BORROWING FROM BERLIN
The National Treasury Management Agency (NTMA) may as well “pack its bags for next year” because it hasn’t the proverbial snowball’s chance in hell of raising a red cent from international bond markets, according to lead story in The Sunday Tribune.
The gloomy prognosis from “one of the most senior market players, speaking on the basis of anonymity for fear of facing instant dismissal”, said the Government’s hope that €6 billion in cuts would help Ireland’s cause when it returned to the bond markets next year was “snookered” and it would be impossible to sell a single Irish bond next year.

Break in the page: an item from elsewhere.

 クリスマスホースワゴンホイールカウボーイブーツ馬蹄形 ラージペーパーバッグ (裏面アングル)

German Chancellor Angela Merkel’s statement last week that she may move to protect German taxpayers from Greek, Irish and Portuguese national debts has sharply increased our chances of being forced into a “disastrous” and “hugely costly” EU/IMF bailout, the source said.
“As things stand, why would anyone lend Ireland a single euro when there is a risk that you only get 70c back in the German-inspired default,” he said.

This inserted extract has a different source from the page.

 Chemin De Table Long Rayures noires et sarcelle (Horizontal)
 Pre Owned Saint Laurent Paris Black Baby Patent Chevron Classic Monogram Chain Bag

It could be time to subsume the country into Ryanair. The budget airline is not only profitable but is borrowing money to buy new aircraft for 40% less than Ireland Inc is managing to right now from international investors, according to a report in The Sunday Tribune.
“We are borrowing seven and 12-year money at less than 3%, whereas the Irish government is borrowing at 7.5%,” chief executive Michael O’Leary told the newspaper. “But then again, we have €3 billion in cash on our balance sheet and are running a profitable company.”
O’Leary is taking advantage of the US Government’s Export/Import Bank, which is providing cheap money to support sales of aircraft manufacturer Boeing.
Perhaps Boston is a better bet than Berlin after all.